Un film mitico che tutti gli appassionati di moto ricordano: "La Grande Fuga" del 1963

Carlo Portioli Esperto moto e cultura custom

In mezzo all’orgia di b movies per teenagers a tema motociclistico degli anni ’60, c’è un film che si distingue per la sua diversa collocazione temporale (II Guerra Mondiale), per la qualità della pellicola e per una delle scene motociclistiche più iconiche della storia del cinema: “La Grande Fuga” del 1963, con Steve McQueen.

Questo ottimo film di guerra si conclude con il famosissimo salto del filo spinato in moto. La scena viene girata con una Triumph T6 Trophy del 1961 modificata in modo da sembrare una BMW R75s, moto in dotazione all’esercito tedesco durante la guerra. Steve McQueen era un pilota endurista esperto e preparato, in grado di effettuare il salto, ma per sicurezza la produzione assegnò il compito a Bud Ekins, pilota e membro dello stesso team corse di McQueen.

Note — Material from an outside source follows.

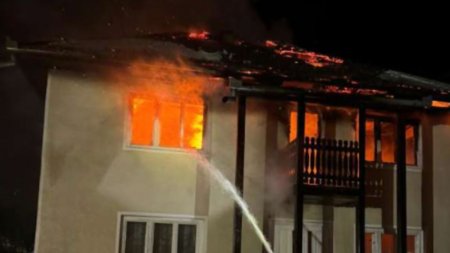 Un barbat <span style='background:#EDF514'>DIN HARGHITA</span> a murit ars de viu in propria casa, in urma unui incendiu. Pompierii nu au putut patrunde in locuinta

Poco importa chi abbia fatto nella realtà quel salto: vedere Steve McQueen in sella rende subito chiaro quanto fosse grande il suo talento per le motociclette e quanto guidare fosse per lui una forma di espressione, attraverso quella sensazione di fusione corpo/mezzo che solo i veri piloti trasmettono. Steve McQueen, detto “The King Of Cool” era un pilota prestato al cinema.

La sua biografia di attore si intreccia in modo profondo con la sua storia motoristica. Oltre a “La Grande Fuga”, girò film come il poliziesco “Bullit” (1968) diventato famoso per l’inseguimento a bordo di una Ford Mustang GT dello stesso anno. Investì ingenti somme di tasca propria per produrre nel 1971 il travagliato film/documentario “La 24 Ore di Le Mans”. Flop commerciale all’epoca, oggi è considerato una testimonianza unica dell’epoca d’oro delle gare di endurance. Film pionieristico anche per le tecniche di ripresa in un’epoca in cui le cineprese non erano miniaturizzate.

Tra poche settimane (metà novembre) uscirà “Le Mans ’66 – La Grande Sfida” con Matt Damon e Christian Bale, un film da considerare a tutti gli effetti eredità di quelle visioni e passioni che animavano lo spirito inquieto di Steve McQueen.

Muore nel 1980 a causa di un mesotelioma, tumore ai polmoni dovuto probabilmente all’amianto contenuto nelle tute dei piloti dell’epoca. Non serve aggiungere altro per capire quanto Steve McQueen, uno degli attori più influenti della sua generazione, sia stato fondamentale come ambasciatore dei motori e delle due ruote, per contribuire a quel mito che ancora oggi alimentata i sogni di tante persone e li aiuta a vivere meglio.